I'm sure everyone "wants to" land a many million dollar deal with a big company that has mild demands, but that doesn't mean those naggers are bad customers. Bad customers have much more annoying and unreasonable demands than a pricing sheet.

  • I don’t think anyone lands contracts with “mild demands”.

    Most of the time you want to cut off ‘non customers’ as soon as possible and don’t leave ‘big fish’ without having direct contact person who can explain stuff. People just clicking around on their own will make assumptions that need to be addressed in a way no one wastes time.

    • > Most of the time you want to cut off ‘non customers’ as soon as possible

      If you mean this literally, one of the best ways to turn non-customers into customers is to give them a way to pay you.

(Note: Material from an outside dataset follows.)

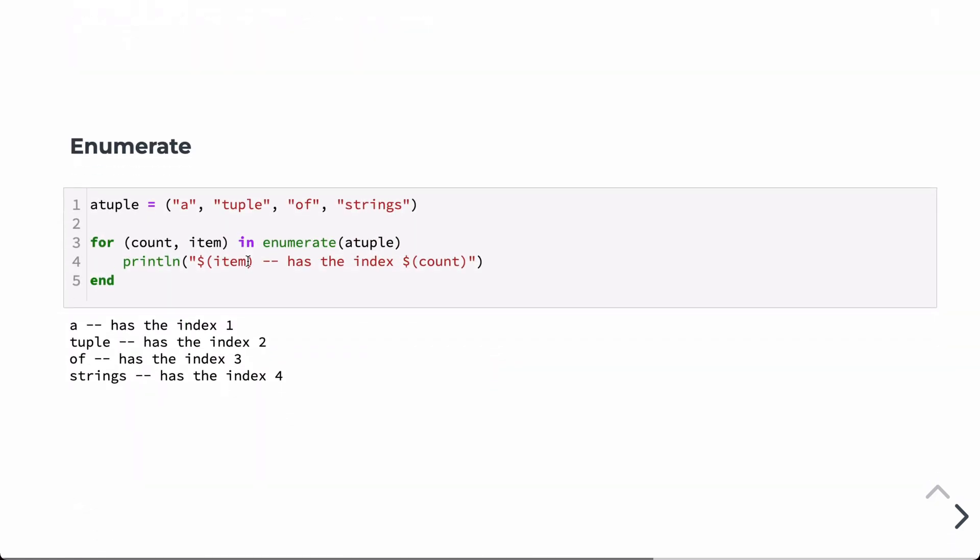So we can also enumerate things. In this case, we have a tuple, and we're going to iterate over the tuple. But in addition to the values of the tuple, the individual strings here, a tuple of strings, we're also going to want to return the count or the index of its corresponding value. So in this case, we can use this enumerate function. We wrap a tuple and enumerate, and then printing out each item as we go.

Which means telling them the price. If you're implying something else by ‘non customers’ then I'm missing the implication.

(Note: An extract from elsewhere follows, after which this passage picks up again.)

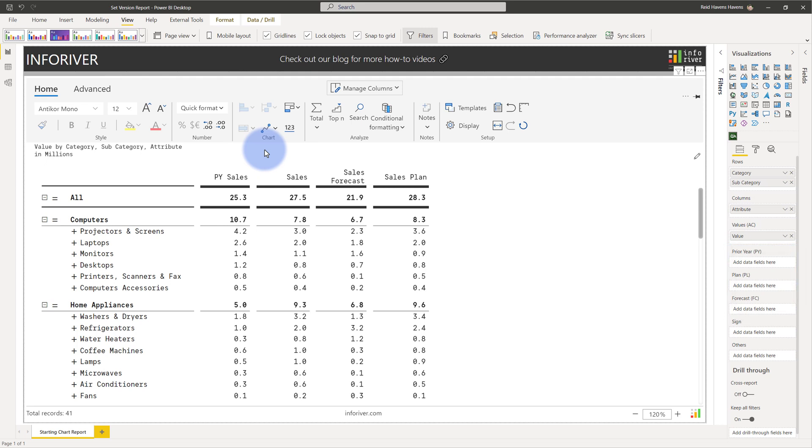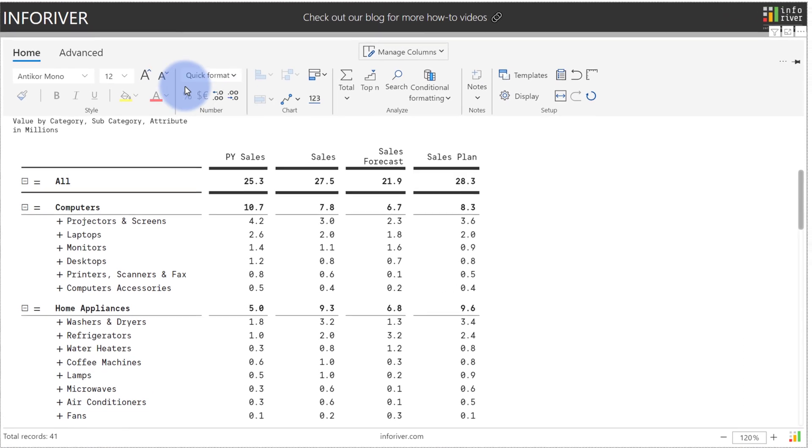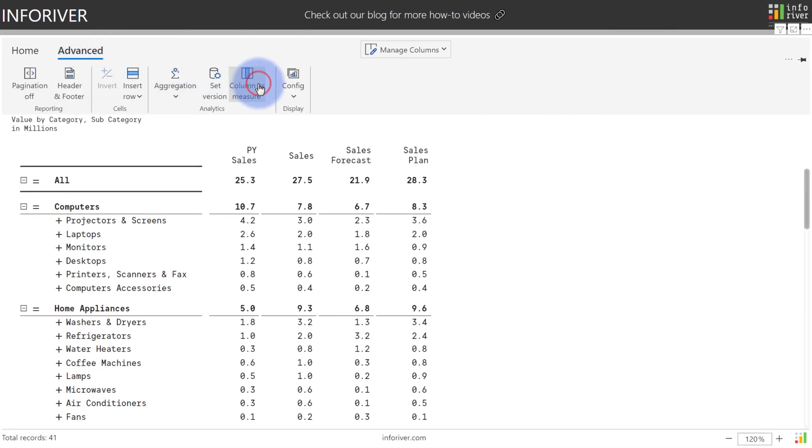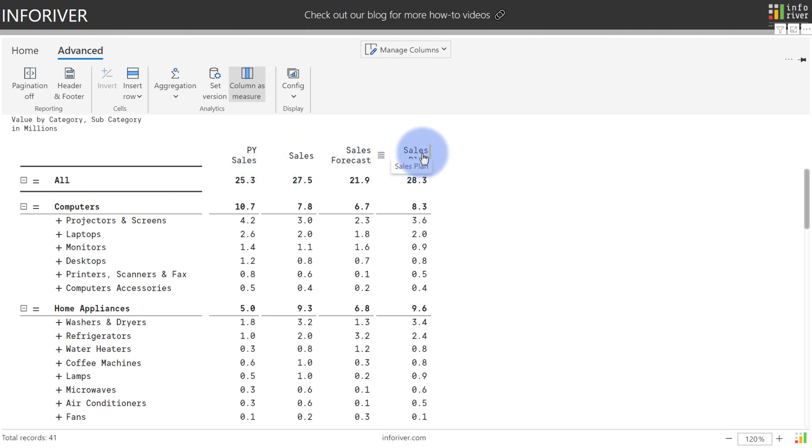It actually has similar requirements to the columns as measure feature. So to start we're going to come up to Advanced and we're going to turn on column is measure first. Now right now what it converted is each of those column categorical values for the metric: PY sales, sales, forecast, and plan into its own individual measures.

      > and don’t leave ‘big fish’ without having direct contact person who can explain stuff

      You can give a contact person and have a list of prices.

      > People just clicking around on their own will make assumptions that need to be addressed in a way no one wastes time.

      Making everyone call you to negotiate is going to waste time.

  • Definitely there exist customers one must fire, but the flip side is, some of them might have genuine complaints.

      ... an extremely popular marketing tool ... sending an equally excessive amount of data above what they were paying for. They were far less adamant about the product, and on some days I didn't even want them as a customer. If there was a minor blip in the service, they were the first to complain. Reminder, [Sentry] was still a side project at the time so I had a day-job. That meant it was often stressful for Chris and I to deal w/ customer support, and way more stressful dealing with outages.
    
      We had one customer who loved the product, and one who didn't. Both of these customers had such extreme volumes of data that it had a tangible infrastructure cost associated with hosting them. We knew the best thing to do was to find a way to be able to charge them more money for the amount of data they sent. So we set off to build that and then followed up with each customer.
    
      To our surprise, the customer that loved the product didn't want to pay more. The customer who was constantly complaining immediately jumped on the opportunity. What's the lesson to take away from this? 
    
      ... when I was a teenager I worked at Burger King, and there was an anecdote I will never forget: for every customer that complains, there are nine more with a similar experience. I've cemented this in my philosophy around development, to the point where I now believe over rotating on negative feedback is actually just biasing towards the customers who truly see the value in what you're offering. The customer that was complaining really valued our product, whereas the customer that was happy was simply content.